▶ _WORK REQUEST_
In the data below, the answer is the run of lines from the line containing "4023 Port Springs" through the line containing "Hard Case transparent - 2in1", both included; print it exactly and nothing else.

*** PROVIDED ENTRIES Section Begins ***

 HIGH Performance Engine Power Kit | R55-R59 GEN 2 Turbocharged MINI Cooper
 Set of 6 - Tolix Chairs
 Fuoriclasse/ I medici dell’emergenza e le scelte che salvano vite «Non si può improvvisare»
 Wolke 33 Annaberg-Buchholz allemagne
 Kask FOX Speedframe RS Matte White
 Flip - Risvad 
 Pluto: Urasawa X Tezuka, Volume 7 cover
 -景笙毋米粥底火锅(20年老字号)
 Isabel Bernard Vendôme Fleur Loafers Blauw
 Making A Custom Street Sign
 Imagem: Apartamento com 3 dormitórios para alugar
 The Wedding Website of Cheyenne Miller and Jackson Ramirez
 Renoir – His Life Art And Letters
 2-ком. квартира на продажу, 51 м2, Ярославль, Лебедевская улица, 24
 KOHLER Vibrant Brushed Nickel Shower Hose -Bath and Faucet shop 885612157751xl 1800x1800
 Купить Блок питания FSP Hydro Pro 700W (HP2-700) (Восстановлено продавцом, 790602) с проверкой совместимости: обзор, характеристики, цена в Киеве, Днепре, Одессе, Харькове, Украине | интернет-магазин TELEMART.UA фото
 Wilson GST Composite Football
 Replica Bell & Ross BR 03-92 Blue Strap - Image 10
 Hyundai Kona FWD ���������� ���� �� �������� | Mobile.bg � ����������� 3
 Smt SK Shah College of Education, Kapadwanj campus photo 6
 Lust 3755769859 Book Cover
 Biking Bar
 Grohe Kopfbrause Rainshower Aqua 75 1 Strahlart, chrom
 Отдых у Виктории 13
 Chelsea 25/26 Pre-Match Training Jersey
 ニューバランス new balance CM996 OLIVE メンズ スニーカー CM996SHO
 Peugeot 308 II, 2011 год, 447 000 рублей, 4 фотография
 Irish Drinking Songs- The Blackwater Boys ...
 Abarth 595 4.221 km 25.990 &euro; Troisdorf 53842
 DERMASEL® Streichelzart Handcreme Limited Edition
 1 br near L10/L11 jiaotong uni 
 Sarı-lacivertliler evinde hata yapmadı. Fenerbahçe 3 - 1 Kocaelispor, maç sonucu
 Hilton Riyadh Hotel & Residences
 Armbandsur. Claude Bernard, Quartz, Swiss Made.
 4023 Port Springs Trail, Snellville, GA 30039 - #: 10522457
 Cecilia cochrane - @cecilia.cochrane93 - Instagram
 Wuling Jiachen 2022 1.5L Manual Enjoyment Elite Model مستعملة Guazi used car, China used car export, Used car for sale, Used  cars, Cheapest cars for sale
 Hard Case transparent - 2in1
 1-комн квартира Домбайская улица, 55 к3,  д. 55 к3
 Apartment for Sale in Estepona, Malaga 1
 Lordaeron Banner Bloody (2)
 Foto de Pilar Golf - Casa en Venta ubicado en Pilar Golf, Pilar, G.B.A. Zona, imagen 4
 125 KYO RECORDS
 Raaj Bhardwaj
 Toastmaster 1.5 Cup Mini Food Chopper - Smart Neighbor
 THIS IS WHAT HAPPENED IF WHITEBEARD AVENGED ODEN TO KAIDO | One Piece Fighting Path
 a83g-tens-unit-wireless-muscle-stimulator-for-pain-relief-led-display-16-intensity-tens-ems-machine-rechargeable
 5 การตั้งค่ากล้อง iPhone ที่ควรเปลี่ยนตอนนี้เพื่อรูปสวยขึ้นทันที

*** PROVIDED ENTRIES Section Ends ***

▶ _RESULT_
 4023 Port Springs Trail, Snellville, GA 30039 - #: 10522457
 Cecilia cochrane - @cecilia.cochrane93 - Instagram
 Wuling Jiachen 2022 1.5L Manual Enjoyment Elite Model مستعملة Guazi used car, China used car export, Used car for sale, Used  cars, Cheapest cars for sale
 Hard Case transparent - 2in1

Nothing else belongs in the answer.